The humiliation of the 2000 Masters helped, too.

He realized he had to play better or he would never be invited back. He started playing hard on Saturdays and Sundays even when he knew he didn't have a chance to win the tournament because "at least I could get some points."

"It made me grind and focus a lot harder than previous years," he said.

He did it for himself, for his family, for the ranking. And he did it for the fans who continue to make him one of the most popular players in the game, even though he hasn't won a tournament in the United States since 1994.

"It's just nice to be playing good golf for them," Daly said.

Daly has replaced gambling and drinking with singing, songwriting and playing guitar. (Chocolate is still a problem sometimes because "it's hard to turn down a big ol' piece of chocolate cake.")

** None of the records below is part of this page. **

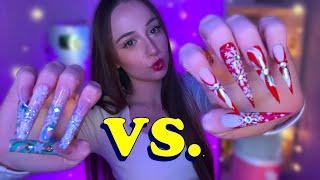 ASMR NAIL BATTLE  XXL Square vs. Stiletto  you'll be asleep before u can pick the winner⋆˚｡⋆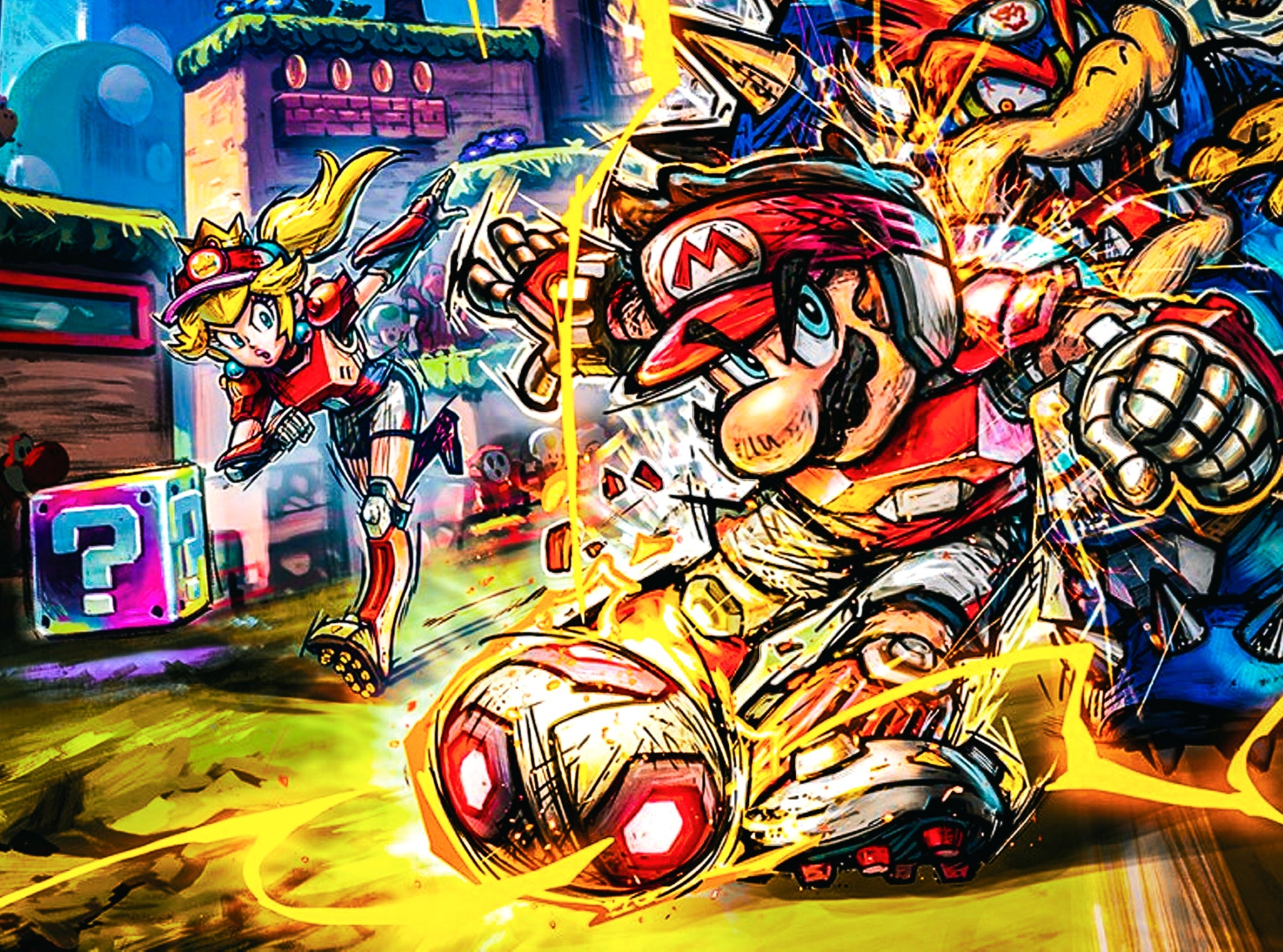 Bilder zu Mario Strikers Switch: Battle League Football – Action und Fußball, ungefähr in dieser Reihenfolge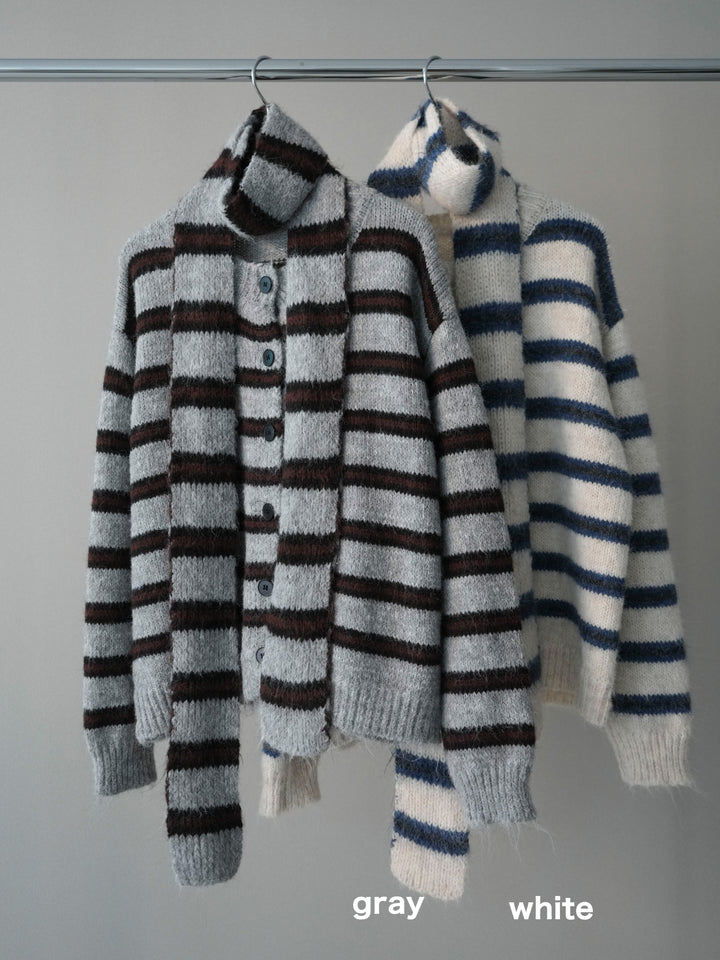 [SET]ボウタイ付きボーダーニットプルオーバー+ボウタイ付きボーダーニットプルオーバー(2set)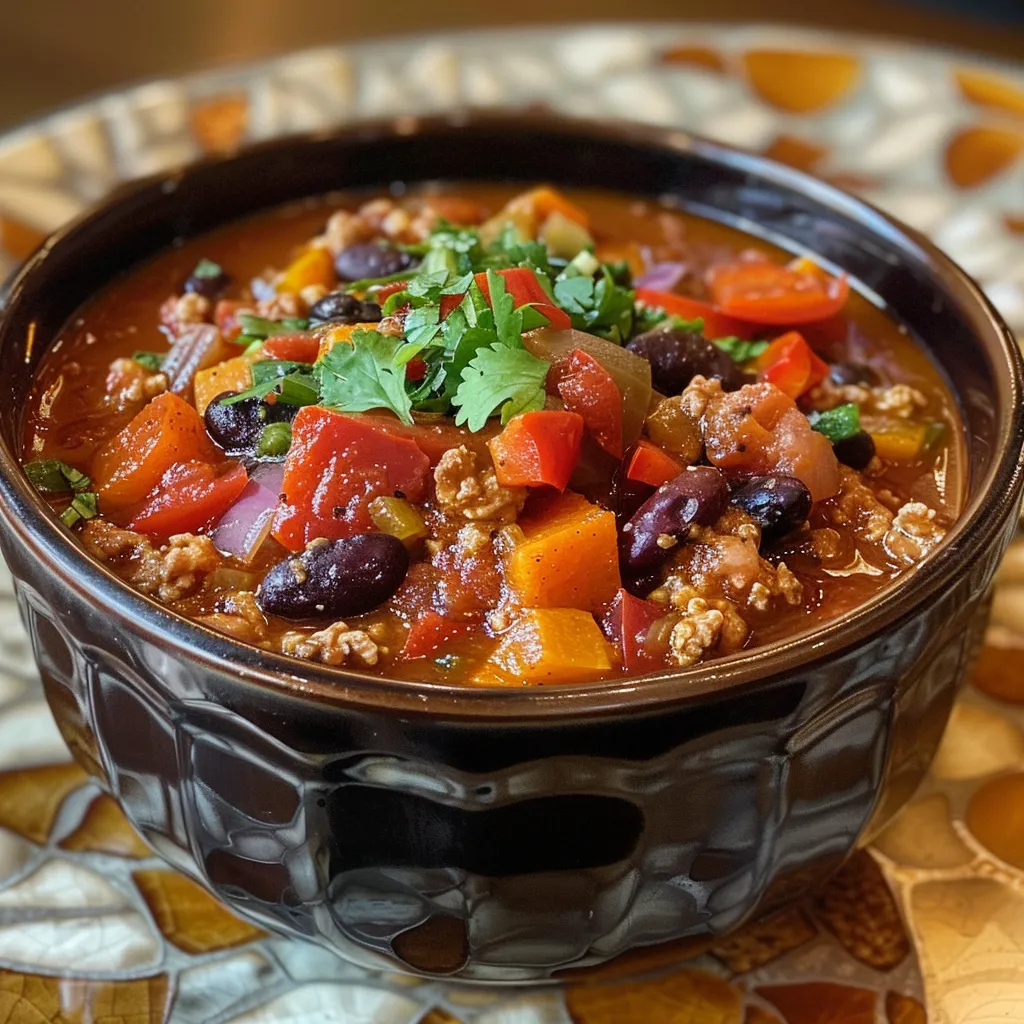 ['Close-up view of a bowl of Turkey Pumpkin Chili garnished with fresh herbs.', 'Side view of a hearty bowl of Turkey Pumpkin Chili with visible beans and peppers.', 'Delicious Turkey Pumpkin Chili in a rustic bowl, showcasing vibrant colors of ingredients.', 'Tasty Turkey Pumpkin Chili, highlighting the texture of ground turkey and pumpkin.']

Along with a few friends, Daly is working on a largely autobiographical album, due out in a few weeks. Among the songs are "Where I Am Now," "My Life," "I'm Drunk, Damn Broke and Ain't Got a Penny to My Name," and, of course, "All My Ex's Wear Rolexes."

"I sing it with my heart," Daly said. "I know I'm probably out of tune, but it's what everyone wanted, so I did it."

But Daly wants to be more than a music star. He wants to be in the hunt in another major, something that hasn't happened since he won the British in 1995.

"I think his story of coming back the way he has and devoting himself to the game, it's a great story and great to see because he's such a talent," Tiger Woods said.

Daly won $1.05million last year and won a tournament for the first time since '95 the BMW International on the European Tour.

He ranks 40th on the money list this year and 42nd in the world rankings. He drives the ball a PGA Tour-leading average of 309 yards. That's 13 yards longer than the next guy, Woods.

Despite the ballyhooed changes at Augusta nearly 300 yards have been added to the course Daly lists five, maybe six holes at which he wouldn't dare use a driver.

That's more than he would have listed in the past, but the new John Daly doesn't really mind.